AI-Based Image Analytics — The startup has built a technology which works with on-premise embedded cameras for instant quality assessment using computer vision. Across India, majority of crops are assessed manually and with the naked eye, leaving room for multiple inconsistencies, manual fatigue and manipulations leading to losses across agriculture value chains. “For example, the quality of tea leaves is done by a person who spreads them on a table and makes a subjective assessment. But what we do is a computer-based analysis by taking a picture of the sample. The software analyzes the sample and based on that, they can fix the price. Similar technologies apply to grains like corn, barley, wheat, rice and others to assess the physical parameters like weevilled, shriveled, broken, clean, damaged etc.,” he explains.

AI-Based Sensor Analytics — “We pioneered the first applications for LoRA WAN-based IoT applications in India, which provide quality estimations in multiple agriculture processes in spatial arrangements, like curing, food storage, warehousing and logistics,” states Bhamra.


For India’s ‘Chai’ industry

Determining Fine Leaf Count (FLC) is imperative to the tea industry. AgNext has deployed TragNext, a platform for rapid and accurate estimation of FLC. Using AI and Image Recognition Software, AgNext can identify leaves from various classes coming from garden harvest as leaves, buds, Banjhi, shoots and the rest. Leaves are first dried and separated using a patented technology and then photographed with a high FPS camera. In the post-processed inverted binarized image, each component is identified and extracted separately using AI, and then the images are processed for FLC as per industry standards. A set of final stats show how many leaf and bud configurations are in every shoot, allowing for a percentage of FLC to be displayed on the device and mobile. All this gets done at a fraction of time, gives access to more sampling for better evaluation and removes subjectivity digitizing the entire procurement and payment process from there on. This technology has been deployed in tea estates of Goodricke, Rossell Tea, CISTA, Bokahola Tea, Tea Board of India and many other leading tea companies.
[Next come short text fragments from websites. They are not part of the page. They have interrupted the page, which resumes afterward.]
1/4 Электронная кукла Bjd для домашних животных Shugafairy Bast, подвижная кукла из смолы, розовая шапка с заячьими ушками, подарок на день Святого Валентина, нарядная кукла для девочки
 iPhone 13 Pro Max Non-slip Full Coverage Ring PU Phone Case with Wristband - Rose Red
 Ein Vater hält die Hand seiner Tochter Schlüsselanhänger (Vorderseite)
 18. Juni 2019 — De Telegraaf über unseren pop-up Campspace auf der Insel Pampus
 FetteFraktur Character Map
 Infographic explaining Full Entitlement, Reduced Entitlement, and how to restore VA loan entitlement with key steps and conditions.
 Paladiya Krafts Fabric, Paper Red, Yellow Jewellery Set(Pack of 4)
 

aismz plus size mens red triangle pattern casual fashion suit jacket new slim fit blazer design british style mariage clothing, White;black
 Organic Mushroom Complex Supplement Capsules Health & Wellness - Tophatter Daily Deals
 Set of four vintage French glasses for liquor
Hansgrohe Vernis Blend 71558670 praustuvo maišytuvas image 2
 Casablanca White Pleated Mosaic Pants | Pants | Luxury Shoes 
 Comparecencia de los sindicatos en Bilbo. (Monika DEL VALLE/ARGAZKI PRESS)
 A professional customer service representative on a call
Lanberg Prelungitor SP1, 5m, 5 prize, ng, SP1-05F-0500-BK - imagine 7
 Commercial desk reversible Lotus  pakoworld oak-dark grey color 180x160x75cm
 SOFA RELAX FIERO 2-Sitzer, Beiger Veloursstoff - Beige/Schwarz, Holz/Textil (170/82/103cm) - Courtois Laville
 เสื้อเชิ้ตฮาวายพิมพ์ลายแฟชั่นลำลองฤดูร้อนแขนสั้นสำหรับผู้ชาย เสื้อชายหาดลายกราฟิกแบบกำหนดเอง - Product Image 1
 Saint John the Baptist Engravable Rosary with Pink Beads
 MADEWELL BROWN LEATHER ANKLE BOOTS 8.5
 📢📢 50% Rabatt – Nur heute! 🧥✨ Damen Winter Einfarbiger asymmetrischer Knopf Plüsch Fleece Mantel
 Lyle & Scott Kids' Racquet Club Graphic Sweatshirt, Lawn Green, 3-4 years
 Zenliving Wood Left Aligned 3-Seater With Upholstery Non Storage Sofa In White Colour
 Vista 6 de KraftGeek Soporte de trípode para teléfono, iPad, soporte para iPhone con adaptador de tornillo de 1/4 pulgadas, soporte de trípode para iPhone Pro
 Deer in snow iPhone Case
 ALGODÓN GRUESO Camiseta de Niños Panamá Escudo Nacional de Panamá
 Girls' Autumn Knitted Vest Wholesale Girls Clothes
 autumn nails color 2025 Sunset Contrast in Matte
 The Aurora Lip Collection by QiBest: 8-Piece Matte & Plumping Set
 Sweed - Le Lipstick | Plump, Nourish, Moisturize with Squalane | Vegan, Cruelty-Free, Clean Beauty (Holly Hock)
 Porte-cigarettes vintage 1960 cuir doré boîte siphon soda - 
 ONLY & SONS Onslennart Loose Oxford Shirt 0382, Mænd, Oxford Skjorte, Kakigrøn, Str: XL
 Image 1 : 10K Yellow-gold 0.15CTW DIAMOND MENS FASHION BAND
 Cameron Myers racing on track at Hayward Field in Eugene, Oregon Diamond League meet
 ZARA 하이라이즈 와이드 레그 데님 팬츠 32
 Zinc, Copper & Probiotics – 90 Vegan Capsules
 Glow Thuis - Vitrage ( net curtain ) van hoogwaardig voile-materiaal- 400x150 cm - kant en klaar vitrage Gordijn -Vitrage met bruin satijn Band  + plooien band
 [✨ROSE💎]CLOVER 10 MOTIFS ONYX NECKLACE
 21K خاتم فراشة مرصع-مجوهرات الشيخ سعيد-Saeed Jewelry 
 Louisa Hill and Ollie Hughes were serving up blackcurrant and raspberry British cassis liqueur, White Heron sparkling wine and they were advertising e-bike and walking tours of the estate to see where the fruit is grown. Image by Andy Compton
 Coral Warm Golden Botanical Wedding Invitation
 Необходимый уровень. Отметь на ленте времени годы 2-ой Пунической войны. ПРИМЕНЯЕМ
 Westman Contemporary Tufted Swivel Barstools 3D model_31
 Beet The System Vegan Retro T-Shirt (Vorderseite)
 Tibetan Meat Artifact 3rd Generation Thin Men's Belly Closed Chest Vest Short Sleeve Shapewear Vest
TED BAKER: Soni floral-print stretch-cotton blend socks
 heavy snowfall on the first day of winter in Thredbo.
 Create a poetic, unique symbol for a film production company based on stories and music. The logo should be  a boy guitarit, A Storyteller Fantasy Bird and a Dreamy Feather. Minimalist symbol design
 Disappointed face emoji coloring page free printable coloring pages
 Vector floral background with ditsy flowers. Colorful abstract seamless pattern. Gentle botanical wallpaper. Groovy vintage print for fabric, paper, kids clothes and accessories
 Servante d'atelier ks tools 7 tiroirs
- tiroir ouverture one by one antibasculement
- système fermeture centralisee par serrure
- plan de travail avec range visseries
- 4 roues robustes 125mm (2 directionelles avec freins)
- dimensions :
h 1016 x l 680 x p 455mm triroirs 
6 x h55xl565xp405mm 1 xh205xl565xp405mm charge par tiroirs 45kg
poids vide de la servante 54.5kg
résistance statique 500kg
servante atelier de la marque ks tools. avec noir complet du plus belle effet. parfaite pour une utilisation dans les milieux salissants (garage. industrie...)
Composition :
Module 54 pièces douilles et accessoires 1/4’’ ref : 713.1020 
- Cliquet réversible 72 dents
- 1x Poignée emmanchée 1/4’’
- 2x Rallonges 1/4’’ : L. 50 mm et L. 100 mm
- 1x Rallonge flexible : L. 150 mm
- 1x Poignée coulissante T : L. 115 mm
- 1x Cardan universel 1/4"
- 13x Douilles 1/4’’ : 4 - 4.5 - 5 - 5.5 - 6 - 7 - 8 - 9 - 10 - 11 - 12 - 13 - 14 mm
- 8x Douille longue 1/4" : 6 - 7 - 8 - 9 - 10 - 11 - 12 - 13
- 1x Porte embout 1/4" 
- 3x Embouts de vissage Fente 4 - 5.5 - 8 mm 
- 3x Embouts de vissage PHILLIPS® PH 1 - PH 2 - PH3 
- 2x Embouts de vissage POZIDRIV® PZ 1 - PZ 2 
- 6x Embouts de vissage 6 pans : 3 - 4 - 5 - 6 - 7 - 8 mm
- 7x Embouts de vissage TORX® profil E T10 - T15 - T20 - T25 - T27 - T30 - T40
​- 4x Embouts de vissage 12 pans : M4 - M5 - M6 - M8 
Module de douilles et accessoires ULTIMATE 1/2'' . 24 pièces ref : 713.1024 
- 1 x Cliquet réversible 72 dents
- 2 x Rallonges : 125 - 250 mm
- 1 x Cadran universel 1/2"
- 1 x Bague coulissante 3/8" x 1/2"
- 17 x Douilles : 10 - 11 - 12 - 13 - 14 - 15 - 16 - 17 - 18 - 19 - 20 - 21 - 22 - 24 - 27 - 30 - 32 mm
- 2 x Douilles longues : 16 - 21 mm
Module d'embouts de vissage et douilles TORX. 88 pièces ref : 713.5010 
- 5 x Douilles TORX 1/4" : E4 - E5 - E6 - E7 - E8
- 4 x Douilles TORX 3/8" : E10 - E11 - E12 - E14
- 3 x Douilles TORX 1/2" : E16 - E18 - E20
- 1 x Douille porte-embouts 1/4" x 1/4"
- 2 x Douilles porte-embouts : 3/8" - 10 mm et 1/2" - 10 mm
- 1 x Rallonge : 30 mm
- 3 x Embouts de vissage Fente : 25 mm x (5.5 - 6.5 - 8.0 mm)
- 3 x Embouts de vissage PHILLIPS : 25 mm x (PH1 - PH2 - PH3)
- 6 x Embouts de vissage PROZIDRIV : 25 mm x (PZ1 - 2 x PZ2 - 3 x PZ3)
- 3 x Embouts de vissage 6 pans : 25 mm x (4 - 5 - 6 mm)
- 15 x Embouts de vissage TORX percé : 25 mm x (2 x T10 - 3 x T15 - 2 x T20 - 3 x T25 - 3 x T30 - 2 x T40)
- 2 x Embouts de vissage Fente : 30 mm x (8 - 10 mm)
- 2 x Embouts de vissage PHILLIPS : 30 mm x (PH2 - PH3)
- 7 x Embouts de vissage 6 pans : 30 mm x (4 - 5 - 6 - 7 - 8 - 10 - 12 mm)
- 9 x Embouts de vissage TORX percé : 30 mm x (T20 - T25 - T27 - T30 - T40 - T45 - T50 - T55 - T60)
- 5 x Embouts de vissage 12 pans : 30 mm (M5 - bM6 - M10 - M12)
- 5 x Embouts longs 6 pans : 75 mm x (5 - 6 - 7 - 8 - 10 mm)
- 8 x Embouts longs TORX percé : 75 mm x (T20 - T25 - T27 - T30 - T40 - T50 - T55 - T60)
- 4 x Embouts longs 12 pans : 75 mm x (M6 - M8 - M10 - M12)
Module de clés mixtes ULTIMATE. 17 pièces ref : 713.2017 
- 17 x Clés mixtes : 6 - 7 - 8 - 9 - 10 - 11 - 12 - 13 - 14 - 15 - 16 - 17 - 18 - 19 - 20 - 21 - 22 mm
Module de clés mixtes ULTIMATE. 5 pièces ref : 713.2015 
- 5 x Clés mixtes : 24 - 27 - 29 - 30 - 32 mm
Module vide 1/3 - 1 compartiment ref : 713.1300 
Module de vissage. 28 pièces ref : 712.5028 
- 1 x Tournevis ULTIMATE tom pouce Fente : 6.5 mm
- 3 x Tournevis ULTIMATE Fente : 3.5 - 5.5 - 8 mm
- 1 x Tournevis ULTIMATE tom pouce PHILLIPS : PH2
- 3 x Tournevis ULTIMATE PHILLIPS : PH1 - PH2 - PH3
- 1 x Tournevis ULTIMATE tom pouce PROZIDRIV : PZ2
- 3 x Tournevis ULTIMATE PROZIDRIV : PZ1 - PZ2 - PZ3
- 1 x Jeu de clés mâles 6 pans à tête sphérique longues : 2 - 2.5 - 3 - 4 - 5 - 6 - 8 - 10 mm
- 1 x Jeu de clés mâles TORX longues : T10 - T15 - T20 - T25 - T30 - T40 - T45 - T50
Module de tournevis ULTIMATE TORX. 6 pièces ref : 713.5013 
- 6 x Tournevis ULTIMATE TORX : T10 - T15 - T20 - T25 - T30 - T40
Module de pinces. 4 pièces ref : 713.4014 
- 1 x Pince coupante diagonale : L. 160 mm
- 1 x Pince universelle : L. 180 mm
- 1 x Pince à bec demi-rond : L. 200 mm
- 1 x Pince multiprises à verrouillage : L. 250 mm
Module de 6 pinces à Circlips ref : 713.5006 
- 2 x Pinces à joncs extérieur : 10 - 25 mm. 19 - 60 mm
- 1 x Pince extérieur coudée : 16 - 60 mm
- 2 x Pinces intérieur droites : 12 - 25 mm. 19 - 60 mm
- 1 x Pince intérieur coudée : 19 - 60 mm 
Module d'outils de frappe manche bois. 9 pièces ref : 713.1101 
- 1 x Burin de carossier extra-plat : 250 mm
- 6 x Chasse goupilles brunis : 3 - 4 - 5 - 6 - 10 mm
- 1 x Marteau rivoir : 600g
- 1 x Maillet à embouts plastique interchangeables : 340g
AgNext has built STQC calibrated sensors for temperature, humidity, gaseous emissions, and other parameters key for various agriculture industries like curing solutions, grain silos, warehouses, food processors and storage services. These provide real-time alerts on control parameters and data analytics for actions to be taken as devised by the research institutions for better management of food quality.
Well-received by industry.

The startup has raised a total of $4.2 million funding till date from Omnivore and Kalaari venture funds to expand its research and build this technological platform. The industry has well accepted this new technology that promises to solve the subjectivity and delay in quality procurement, leading to various value losses across the value chain and to stakeholders. Having clients such as Arya Collateral, NAFED, Goodricke, and Rossell Tea attests to the fact that the feedback from the industry has been extremely positive.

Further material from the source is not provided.